Exercise directions
Any picture in the listing is left out of the copy; all else is duplicated exactly.

━━ Records provided

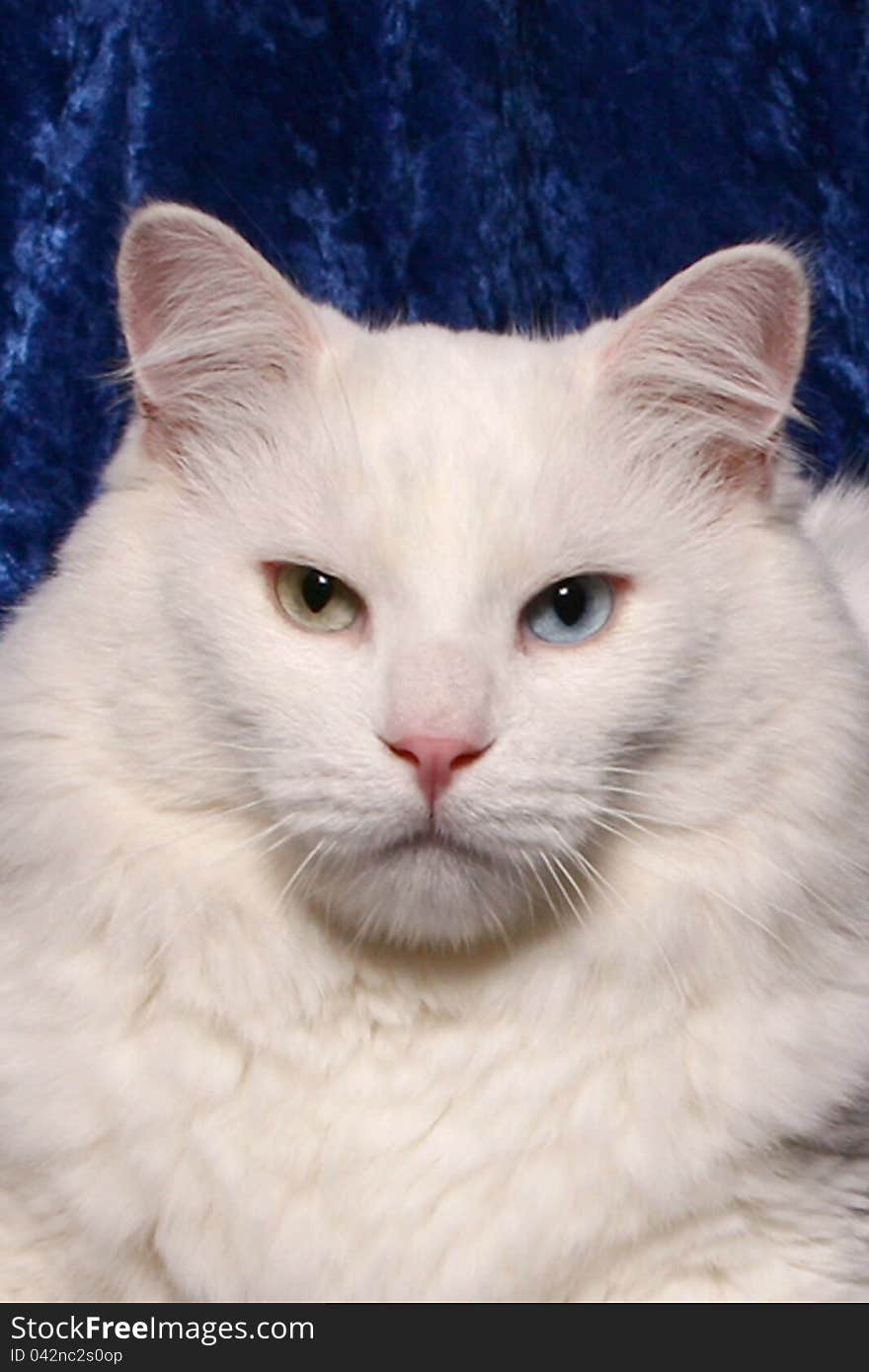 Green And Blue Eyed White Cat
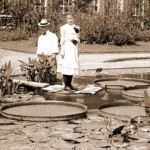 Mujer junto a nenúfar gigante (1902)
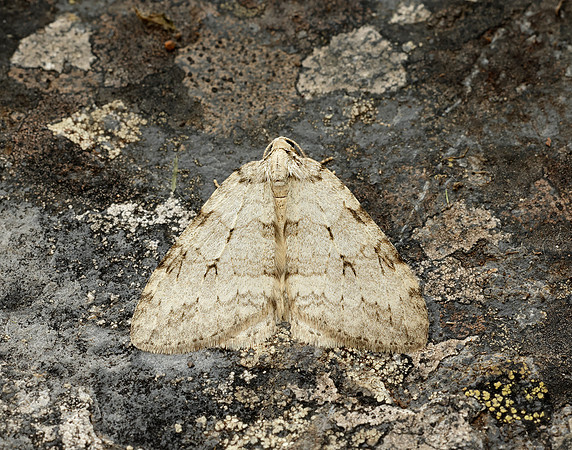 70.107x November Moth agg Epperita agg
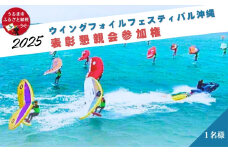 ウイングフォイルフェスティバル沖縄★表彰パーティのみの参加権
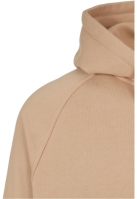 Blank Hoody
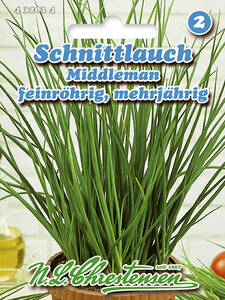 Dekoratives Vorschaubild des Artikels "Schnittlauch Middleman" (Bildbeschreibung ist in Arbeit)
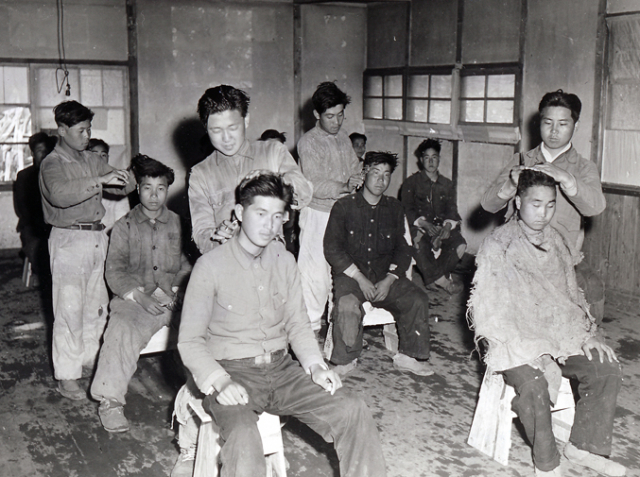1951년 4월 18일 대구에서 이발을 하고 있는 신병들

━━━━

Reply to the exercise
 Green And Blue Eyed White Cat
 Mujer junto a nenúfar gigante (1902)
 70.107x November Moth agg Epperita agg
 ウイングフォイルフェスティバル沖縄★表彰パーティのみの参加権
 Blank Hoody
 Dekoratives Vorschaubild des Artikels "Schnittlauch Middleman" (Bildbeschreibung ist in Arbeit)
1951년 4월 18일 대구에서 이발을 하고 있는 신병들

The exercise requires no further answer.